Items from a dataset:
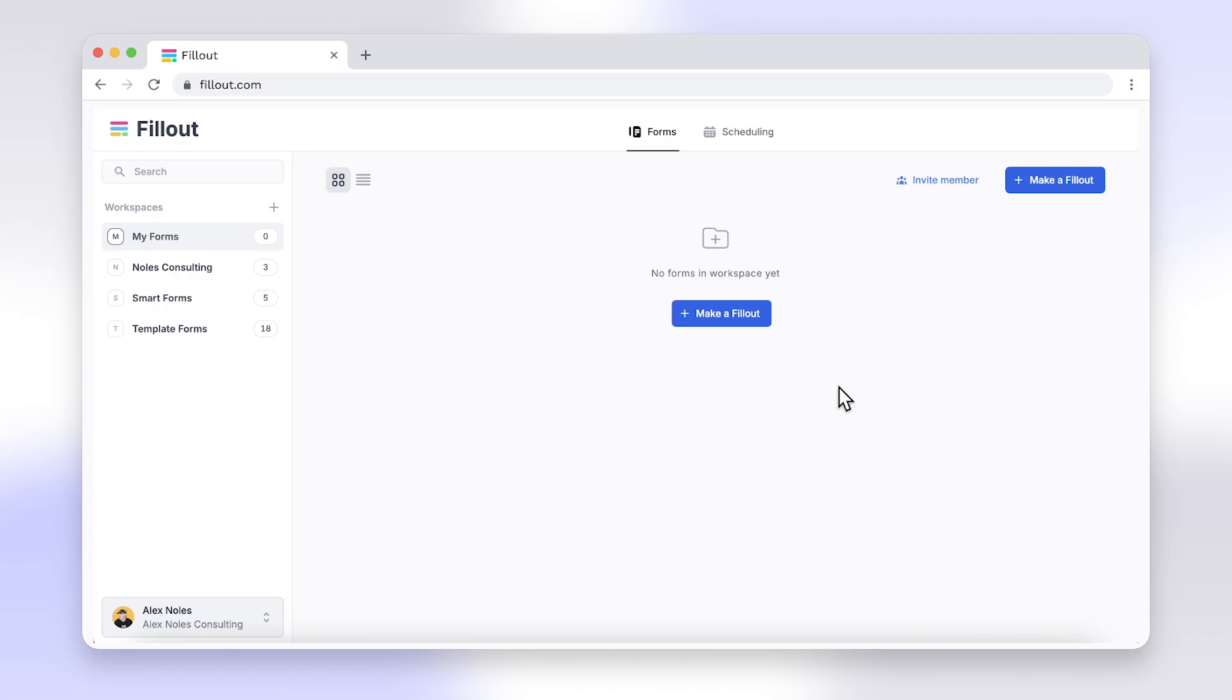You can import your Google Forms into Fillout and easily add multiple columns so your questions can live side by side. And yes, Fillout does provide a free forever plan. Just like Google Forms,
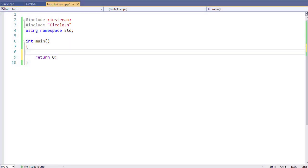In our previous videos about pointers, we've always taken an existing variable and then created a pointer to that variable. However, that doesn't have to happen, especially when working with objects. I want to create a pointer to an object that is not in our lower memory space, but actually in an upper memory space where there's a lot more memory to work with, and it's a pretty typical thing to do when working with an object.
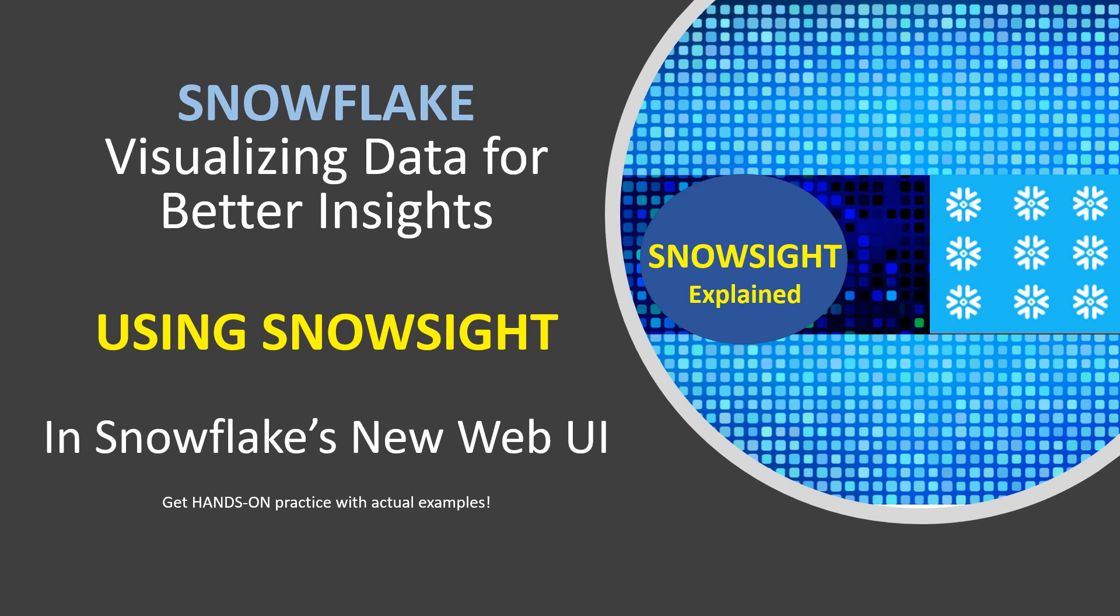This video is focused on Snowsight, which is Snowflake's data visualization in the new web UI. This is a hands-on video where you can code right along with me. But even if you aren't ready to get hands-on yet, there is still a great deal you can learn about Snowsight from the many examples in this video.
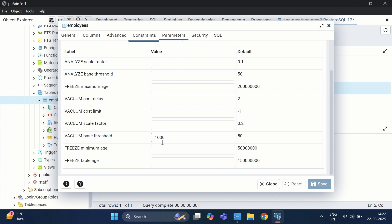Now let's discuss how re-indexing can improve database performance. Indexes grow over time due to updates and deletions, and PostgreSQL does not automatically shrink them. This leads to index bloating, which slows down query performance. We can identify bloated indexes by checking index sizes using a query.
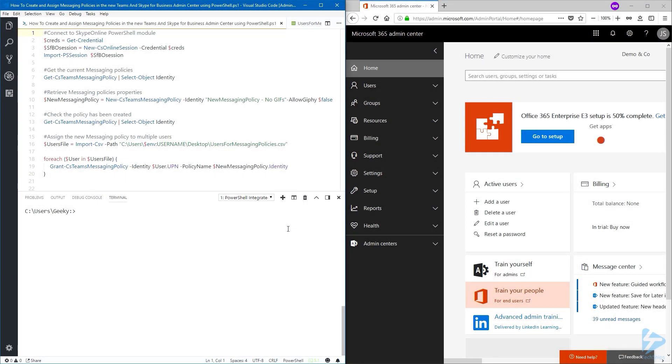Microsoft is making some changes in Office 365, and if you have the new Teams and Skype for Business admin center, we are able to manage the messaging policies by using PowerShell.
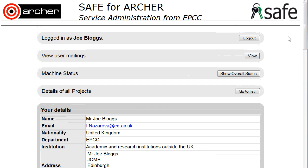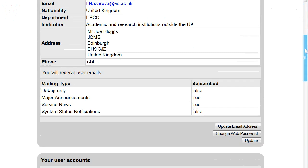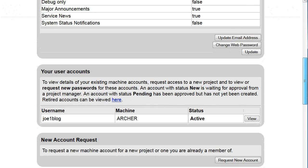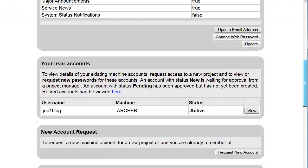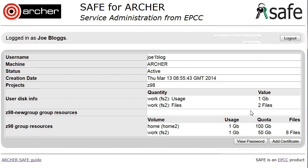Log on to SAFE and scroll down to your user accounts. Click on the View button beside the account that you wish to look up the password for. Then click on the View Password button.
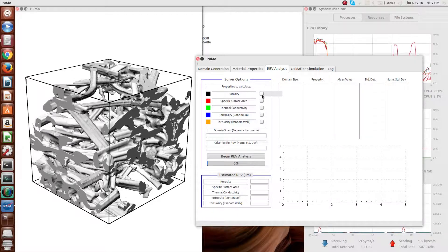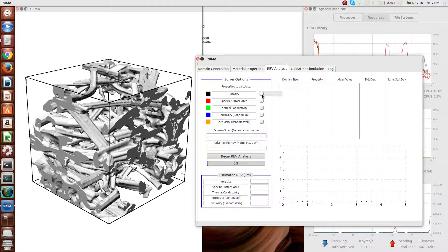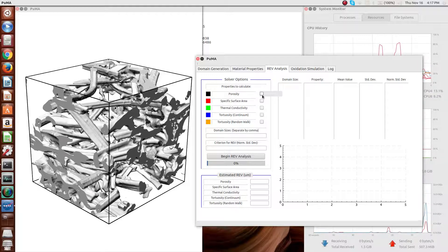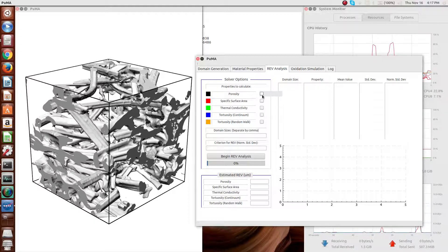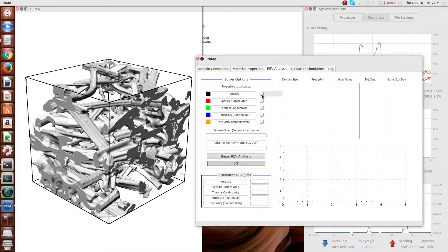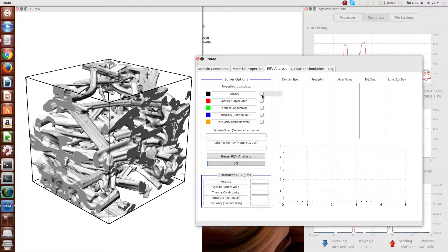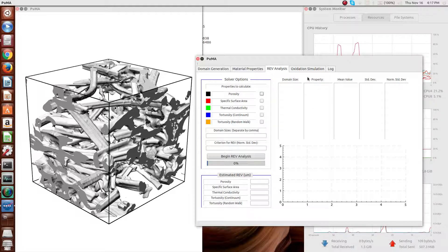The representative elementary volume can be computed for each of the properties separately because it actually varies for the property of interest, and the way we define this property is the size at which it doesn't matter where in the material you take the sample, the standard deviation of the values will converge to below a certain threshold, usually 1 or 2 percent of the property value.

## Required action
Beginning with the line above that has "Now let's discuss" and going on through the line that has "Microsoft is making", retype every line exactly and add nothing else; drop the pictures.

## Response below
Now let's discuss how re-indexing can improve database performance. Indexes grow over time due to updates and deletions, and PostgreSQL does not automatically shrink them. This leads to index bloating, which slows down query performance. We can identify bloated indexes by checking index sizes using a query.
Microsoft is making some changes in Office 365, and if you have the new Teams and Skype for Business admin center, we are able to manage the messaging policies by using PowerShell.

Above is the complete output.